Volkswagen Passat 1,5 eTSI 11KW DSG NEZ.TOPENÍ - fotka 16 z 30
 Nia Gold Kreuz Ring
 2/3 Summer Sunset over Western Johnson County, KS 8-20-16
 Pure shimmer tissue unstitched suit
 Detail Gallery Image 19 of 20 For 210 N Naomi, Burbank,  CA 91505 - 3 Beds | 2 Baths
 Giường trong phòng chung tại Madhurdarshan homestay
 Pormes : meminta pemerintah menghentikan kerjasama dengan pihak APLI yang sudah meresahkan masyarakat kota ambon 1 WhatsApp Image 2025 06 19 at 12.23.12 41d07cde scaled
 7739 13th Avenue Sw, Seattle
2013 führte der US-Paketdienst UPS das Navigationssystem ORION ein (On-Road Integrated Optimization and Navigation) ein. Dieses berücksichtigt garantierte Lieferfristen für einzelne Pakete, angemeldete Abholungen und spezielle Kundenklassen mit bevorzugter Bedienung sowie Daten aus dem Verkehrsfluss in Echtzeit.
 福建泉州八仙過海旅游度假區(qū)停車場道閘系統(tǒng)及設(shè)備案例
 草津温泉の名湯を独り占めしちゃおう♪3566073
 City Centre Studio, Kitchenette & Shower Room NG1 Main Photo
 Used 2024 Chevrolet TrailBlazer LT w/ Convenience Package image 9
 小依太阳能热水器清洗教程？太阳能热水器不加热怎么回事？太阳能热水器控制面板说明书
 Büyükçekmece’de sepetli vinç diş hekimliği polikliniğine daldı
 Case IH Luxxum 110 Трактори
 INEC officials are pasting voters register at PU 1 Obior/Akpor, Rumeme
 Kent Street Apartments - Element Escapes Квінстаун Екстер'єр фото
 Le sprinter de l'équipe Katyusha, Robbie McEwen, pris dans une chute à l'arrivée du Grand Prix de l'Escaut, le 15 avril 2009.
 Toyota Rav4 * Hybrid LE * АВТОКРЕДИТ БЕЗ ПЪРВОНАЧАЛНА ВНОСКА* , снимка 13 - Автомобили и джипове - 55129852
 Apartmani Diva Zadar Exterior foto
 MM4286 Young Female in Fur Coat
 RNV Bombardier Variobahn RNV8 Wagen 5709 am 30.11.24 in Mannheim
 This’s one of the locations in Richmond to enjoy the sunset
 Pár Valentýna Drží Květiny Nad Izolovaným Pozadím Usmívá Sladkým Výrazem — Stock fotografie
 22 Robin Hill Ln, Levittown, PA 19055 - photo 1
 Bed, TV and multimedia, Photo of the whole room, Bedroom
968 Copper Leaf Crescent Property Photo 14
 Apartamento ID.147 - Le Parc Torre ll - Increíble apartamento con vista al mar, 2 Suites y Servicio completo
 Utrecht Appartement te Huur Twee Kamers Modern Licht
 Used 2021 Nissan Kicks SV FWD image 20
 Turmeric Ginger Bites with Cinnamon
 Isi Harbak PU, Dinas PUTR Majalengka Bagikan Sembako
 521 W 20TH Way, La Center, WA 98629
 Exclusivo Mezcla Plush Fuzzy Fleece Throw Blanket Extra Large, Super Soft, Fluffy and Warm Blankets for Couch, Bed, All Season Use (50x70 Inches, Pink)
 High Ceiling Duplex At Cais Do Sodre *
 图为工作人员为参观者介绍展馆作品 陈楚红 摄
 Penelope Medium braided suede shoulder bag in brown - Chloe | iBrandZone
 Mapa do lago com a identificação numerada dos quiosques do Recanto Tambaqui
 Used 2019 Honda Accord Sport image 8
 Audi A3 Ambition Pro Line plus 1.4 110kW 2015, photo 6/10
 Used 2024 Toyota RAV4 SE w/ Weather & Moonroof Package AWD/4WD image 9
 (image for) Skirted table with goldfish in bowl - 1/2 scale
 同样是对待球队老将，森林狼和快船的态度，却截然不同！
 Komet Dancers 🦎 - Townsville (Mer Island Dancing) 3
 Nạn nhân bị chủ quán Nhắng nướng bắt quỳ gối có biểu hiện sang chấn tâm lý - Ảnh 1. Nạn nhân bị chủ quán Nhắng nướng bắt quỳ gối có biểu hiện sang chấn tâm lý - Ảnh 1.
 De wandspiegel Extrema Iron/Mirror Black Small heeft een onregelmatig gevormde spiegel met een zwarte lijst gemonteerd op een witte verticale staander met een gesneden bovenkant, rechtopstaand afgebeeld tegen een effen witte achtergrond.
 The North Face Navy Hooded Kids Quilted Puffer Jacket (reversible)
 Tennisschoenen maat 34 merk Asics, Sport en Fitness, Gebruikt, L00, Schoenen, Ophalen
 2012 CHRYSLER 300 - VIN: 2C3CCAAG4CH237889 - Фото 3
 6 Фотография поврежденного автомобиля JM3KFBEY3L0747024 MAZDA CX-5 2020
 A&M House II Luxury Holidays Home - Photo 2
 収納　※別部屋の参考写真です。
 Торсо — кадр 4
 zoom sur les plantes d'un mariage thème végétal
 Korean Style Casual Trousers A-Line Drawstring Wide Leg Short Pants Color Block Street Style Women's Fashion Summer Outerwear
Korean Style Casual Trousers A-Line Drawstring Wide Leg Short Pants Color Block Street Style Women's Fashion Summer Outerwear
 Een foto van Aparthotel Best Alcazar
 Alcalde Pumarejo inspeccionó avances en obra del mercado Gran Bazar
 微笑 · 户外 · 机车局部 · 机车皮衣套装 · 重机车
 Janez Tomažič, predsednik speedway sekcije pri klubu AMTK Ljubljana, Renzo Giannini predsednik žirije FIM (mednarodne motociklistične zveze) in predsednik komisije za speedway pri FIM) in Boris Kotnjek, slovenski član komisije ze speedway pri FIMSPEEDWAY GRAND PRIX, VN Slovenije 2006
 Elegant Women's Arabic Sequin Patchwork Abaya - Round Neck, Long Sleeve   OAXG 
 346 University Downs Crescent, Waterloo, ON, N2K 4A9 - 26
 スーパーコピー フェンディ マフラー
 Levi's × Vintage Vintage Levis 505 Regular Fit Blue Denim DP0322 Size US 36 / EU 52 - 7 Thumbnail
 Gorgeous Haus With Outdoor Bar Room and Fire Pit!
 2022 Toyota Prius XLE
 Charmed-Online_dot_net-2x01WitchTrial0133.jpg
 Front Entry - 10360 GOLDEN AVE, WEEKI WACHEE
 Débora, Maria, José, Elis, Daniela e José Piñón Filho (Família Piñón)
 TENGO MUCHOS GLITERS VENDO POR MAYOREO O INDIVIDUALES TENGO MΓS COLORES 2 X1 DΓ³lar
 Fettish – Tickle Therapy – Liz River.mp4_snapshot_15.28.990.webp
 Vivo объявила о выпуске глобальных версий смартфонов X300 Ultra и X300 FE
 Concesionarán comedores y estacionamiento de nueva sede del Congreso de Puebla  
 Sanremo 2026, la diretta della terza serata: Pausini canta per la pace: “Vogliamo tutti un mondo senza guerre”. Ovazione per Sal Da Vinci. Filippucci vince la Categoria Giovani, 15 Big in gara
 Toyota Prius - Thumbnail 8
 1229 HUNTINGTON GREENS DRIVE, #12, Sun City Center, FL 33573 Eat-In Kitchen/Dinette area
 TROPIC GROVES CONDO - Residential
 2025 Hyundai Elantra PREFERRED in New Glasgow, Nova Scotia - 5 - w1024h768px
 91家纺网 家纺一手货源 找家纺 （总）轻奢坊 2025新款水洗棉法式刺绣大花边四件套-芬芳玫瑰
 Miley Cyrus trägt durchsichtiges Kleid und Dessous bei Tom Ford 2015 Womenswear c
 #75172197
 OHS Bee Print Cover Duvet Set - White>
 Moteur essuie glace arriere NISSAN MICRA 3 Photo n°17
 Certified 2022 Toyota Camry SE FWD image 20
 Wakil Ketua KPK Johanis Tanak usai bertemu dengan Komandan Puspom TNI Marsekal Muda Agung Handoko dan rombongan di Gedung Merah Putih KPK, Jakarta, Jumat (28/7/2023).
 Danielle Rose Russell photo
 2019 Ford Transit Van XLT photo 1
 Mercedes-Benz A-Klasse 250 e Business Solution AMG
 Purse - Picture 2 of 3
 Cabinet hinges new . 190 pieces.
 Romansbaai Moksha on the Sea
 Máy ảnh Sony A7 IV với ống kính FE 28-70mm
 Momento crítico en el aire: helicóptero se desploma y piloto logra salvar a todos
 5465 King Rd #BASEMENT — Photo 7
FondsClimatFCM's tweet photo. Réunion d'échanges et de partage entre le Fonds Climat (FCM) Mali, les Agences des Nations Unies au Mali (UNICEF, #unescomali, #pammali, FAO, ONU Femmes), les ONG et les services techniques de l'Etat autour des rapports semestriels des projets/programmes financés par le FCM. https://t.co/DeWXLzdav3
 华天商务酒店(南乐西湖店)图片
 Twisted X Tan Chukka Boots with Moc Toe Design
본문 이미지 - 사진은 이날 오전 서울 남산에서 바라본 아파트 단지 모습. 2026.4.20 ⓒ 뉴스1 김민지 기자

*****

**REQUIREMENT**
I need every line of the data that has the word "Style"; please list them.

**EXERCISE OUTPUT**
 Korean Style Casual Trousers A-Line Drawstring Wide Leg Short Pants Color Block Street Style Women's Fashion Summer Outerwear
Korean Style Casual Trousers A-Line Drawstring Wide Leg Short Pants Color Block Street Style Women's Fashion Summer Outerwear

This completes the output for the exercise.